**YOUR TASK**
Would you reproduce the whole listing exactly, minus its images?

**MATERIAL TO PROCESS**

= = = = =

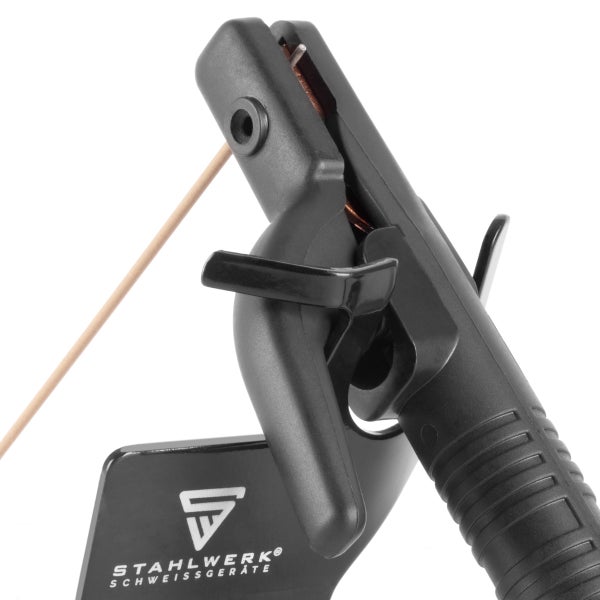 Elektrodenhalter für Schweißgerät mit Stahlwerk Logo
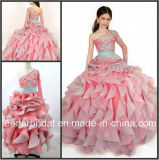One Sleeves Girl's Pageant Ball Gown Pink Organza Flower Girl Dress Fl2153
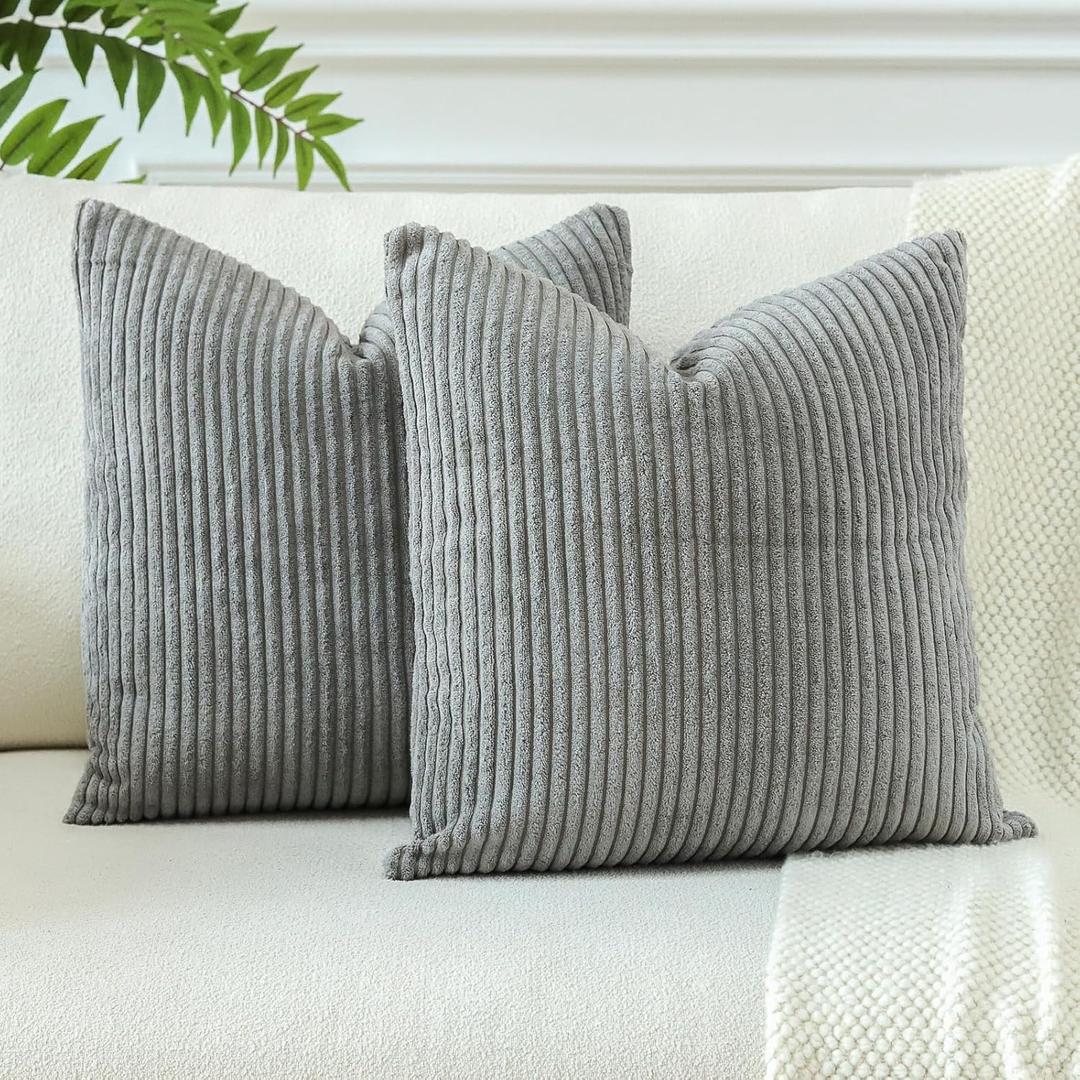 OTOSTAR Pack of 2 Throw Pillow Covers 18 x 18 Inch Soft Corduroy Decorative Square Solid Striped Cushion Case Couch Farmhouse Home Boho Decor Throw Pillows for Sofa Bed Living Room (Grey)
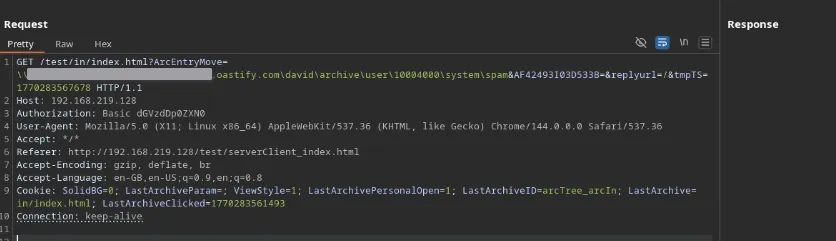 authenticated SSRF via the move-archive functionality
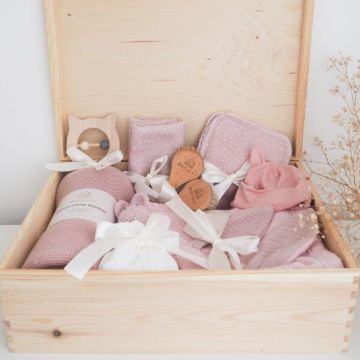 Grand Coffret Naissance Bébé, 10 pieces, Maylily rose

= = = = =

**ANSWER AREA**
 Elektrodenhalter für Schweißgerät mit Stahlwerk Logo
One Sleeves Girl's Pageant Ball Gown Pink Organza Flower Girl Dress Fl2153
 OTOSTAR Pack of 2 Throw Pillow Covers 18 x 18 Inch Soft Corduroy Decorative Square Solid Striped Cushion Case Couch Farmhouse Home Boho Decor Throw Pillows for Sofa Bed Living Room (Grey)
 authenticated SSRF via the move-archive functionality
 Grand Coffret Naissance Bébé, 10 pieces, Maylily rose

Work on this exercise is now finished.